§ ENTRIES SUPPLIED
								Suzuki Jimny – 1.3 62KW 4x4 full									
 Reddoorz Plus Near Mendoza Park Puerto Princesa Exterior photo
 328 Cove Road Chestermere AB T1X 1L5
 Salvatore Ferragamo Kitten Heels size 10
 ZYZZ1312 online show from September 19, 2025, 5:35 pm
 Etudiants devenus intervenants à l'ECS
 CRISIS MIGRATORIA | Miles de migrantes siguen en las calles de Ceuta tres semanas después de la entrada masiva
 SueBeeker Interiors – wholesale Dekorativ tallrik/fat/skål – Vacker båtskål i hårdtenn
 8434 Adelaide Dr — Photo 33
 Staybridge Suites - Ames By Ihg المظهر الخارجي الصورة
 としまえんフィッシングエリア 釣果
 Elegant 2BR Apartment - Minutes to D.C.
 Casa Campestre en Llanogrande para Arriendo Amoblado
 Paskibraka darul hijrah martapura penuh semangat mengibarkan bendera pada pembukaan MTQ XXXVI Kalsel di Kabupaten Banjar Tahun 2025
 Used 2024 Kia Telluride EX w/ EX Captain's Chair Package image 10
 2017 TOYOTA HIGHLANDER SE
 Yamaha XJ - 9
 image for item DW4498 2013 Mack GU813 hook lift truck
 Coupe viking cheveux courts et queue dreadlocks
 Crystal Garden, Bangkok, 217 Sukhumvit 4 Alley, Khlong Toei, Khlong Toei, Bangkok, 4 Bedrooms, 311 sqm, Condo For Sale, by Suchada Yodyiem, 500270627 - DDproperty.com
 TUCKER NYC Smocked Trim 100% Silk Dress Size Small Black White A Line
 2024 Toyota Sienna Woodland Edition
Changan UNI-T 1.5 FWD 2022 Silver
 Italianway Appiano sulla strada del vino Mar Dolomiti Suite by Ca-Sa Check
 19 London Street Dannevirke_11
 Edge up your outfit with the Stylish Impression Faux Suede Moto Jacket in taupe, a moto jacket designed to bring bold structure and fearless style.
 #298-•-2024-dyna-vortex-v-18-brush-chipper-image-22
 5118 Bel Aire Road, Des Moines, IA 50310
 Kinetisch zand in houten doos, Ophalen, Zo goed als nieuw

§ TASK GOAL
Each line from the one containing "Used 2024 Kia" through the last line of the entries is to be copied exactly, with no other lines added.

§ SOLUTION TO THE EXERCISE
 Used 2024 Kia Telluride EX w/ EX Captain's Chair Package image 10
 2017 TOYOTA HIGHLANDER SE
 Yamaha XJ - 9
 image for item DW4498 2013 Mack GU813 hook lift truck
 Coupe viking cheveux courts et queue dreadlocks
 Crystal Garden, Bangkok, 217 Sukhumvit 4 Alley, Khlong Toei, Khlong Toei, Bangkok, 4 Bedrooms, 311 sqm, Condo For Sale, by Suchada Yodyiem, 500270627 - DDproperty.com
 TUCKER NYC Smocked Trim 100% Silk Dress Size Small Black White A Line
 2024 Toyota Sienna Woodland Edition
Changan UNI-T 1.5 FWD 2022 Silver
 Italianway Appiano sulla strada del vino Mar Dolomiti Suite by Ca-Sa Check
 19 London Street Dannevirke_11
 Edge up your outfit with the Stylish Impression Faux Suede Moto Jacket in taupe, a moto jacket designed to bring bold structure and fearless style.
 #298-•-2024-dyna-vortex-v-18-brush-chipper-image-22
 5118 Bel Aire Road, Des Moines, IA 50310
 Kinetisch zand in houten doos, Ophalen, Zo goed als nieuw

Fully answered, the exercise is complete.